TOKYO, JAPAN—The Financial Task Force of APEC Business Advisory Council (ABAC) is making a big push for central banks to develop digital currencies that will be interoperable or can work seamlessly across 21 Asia-Pacific Economic Cooperation (APEC) countries, thus making trade and financial flows faster and cheaper.
This is shaping up as one of the key priorities of the ABAC Financial Task Force ahead of a crucial meeting to be hosted by the Philippines at NuStar Resort in Cebu on July 27 to July 30 that will finalize policy recommendations to APEC leaders, including the finance ministers.
Julius Caesar Parreñas, senior advisor research division at Daiwa Institute of Research who coordinates the Asia-Pacific Financial Forum and represents ABAC at the APEC Finance Ministers’ Process, named the priorities of the financial task force: digitalization of trade finance, development of interoperable open data systems, improvement of cross border data flow and use of privacy-enhancing technologies for central bank digital currencies (CBDCs) and promotion of financing for transition projects in the energy sector alongside the development of common principles to promote interoperability.
“The current problem of many Asian countries is that if you want to send payment from one jurisdiction to another jurisdiction, you cannot really pay directly in the local currency. For example, if you’re sending a payment from Philippines to Thailand, you can’t go directly into peso-Thai baht payment. We all have to go through the US correspondent banks within the US payment systems,” Parreñas said.
The idea is to allow CBDCs, on a wholesale basis or for big transactions, to enable direct payment without having to go through the US system. This means it will be “cheaper, faster and less complicated,” he told visiting business journalists from the Philippines.
A Filipino financial market expert who has been based here for the last 14 years, Parreñas said the focus would now be to propose common principles to help wholesale CBDCs that will be interoperable in the future.
Interoperability is indeed a common theme that has emerged across the different industries tackled by ABAC, whether it’s green financing, sustainability or financial inclusion, said David Hardoon, CEO of Aboitiz Data Innovation, the Singapore-based data science and artificial intelligence arm of the Aboitiz Group.
A former chief data officer and head of data analytics group at the Monetary Authority of Singapore, Hardoon pointed out that each jurisdiction has different legal structures, policy requirements and regulations to consider.
“While ultimately the end-objectives of them are the same, the mechanisms and the requirements may slightly differ. So one of the recommendations is about how do we achieve interoperability. So in other words, it’s not just about forcing a standard but kind of connectivity,” Hardoon said.
Another recurring theme is modularity, to make the recommendations encompassing as much as possible given the rate and the advancements of technology and the need to provide services and make them inclusive, Hardoon said.
There’s also a need to ensure that recommendations would adhere to various privacy governance and local requirements across jurisdictions, said the ADI official.

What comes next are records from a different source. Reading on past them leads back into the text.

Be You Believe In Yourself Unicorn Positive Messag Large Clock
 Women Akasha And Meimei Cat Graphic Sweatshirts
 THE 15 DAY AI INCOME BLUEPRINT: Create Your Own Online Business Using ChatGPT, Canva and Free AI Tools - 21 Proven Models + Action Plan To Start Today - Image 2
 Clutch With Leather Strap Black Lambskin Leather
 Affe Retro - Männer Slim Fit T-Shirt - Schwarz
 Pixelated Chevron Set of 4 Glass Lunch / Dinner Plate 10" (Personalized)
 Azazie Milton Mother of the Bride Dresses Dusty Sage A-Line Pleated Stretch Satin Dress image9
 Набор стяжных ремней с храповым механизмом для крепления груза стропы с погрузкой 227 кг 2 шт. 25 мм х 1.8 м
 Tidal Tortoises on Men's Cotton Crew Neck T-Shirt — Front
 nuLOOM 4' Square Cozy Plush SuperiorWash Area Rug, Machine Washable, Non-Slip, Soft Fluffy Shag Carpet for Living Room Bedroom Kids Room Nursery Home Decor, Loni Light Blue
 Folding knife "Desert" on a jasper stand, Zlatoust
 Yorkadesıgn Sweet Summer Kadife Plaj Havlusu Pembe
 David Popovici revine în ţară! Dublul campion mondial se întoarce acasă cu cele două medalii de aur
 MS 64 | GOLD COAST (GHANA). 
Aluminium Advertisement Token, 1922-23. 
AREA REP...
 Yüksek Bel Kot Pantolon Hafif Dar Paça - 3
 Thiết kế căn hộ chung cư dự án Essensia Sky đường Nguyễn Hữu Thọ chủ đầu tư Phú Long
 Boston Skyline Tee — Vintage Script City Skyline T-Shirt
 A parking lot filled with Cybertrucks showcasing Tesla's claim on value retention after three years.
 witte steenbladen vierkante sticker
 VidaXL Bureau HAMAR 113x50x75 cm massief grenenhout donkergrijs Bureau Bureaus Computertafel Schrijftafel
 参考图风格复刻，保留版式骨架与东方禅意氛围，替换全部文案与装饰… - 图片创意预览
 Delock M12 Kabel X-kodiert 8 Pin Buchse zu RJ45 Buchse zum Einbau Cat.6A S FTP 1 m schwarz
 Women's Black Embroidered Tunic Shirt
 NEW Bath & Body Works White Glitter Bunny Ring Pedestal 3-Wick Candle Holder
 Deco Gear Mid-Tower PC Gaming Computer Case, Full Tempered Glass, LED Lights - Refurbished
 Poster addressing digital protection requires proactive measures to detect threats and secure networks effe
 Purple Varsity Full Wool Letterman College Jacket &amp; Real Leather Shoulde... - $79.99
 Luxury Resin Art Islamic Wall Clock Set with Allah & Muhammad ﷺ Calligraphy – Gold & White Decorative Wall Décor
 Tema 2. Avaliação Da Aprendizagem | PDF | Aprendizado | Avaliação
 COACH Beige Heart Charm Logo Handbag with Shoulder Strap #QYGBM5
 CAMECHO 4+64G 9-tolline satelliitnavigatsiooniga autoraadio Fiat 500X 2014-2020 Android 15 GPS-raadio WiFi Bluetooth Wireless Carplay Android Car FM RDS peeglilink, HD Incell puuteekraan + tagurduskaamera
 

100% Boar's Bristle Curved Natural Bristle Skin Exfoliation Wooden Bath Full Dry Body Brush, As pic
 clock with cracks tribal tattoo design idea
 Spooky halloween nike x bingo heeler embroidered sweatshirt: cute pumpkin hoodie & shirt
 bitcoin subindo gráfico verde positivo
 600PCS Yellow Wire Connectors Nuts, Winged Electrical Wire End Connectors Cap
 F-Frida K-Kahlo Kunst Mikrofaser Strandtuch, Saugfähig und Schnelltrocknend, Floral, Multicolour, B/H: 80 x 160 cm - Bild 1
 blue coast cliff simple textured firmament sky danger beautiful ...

“APEC has a long history of 30 to 40 years. G20 (Group of 20 forum for international economic cooperation) is important but still fragile because it’s a very young structure. They don’t have (private sector advocacy) meetings like ABAC,” Takashi Imamura, executive officer at Marubeni Research Institute and alternate ABAC member, told visiting reporters.
“The long term goal is FTAAP (Free Trade Area of the Asia Pacific), which we are still seeking,” the Japanese executive said.
APEC announced in 2006 that it would examine the long-term prospect of FTAAP. Beyond just free trade, this is envisioned to be comprehensive, high quality framework that also addresses “next generation” trade and investment issues.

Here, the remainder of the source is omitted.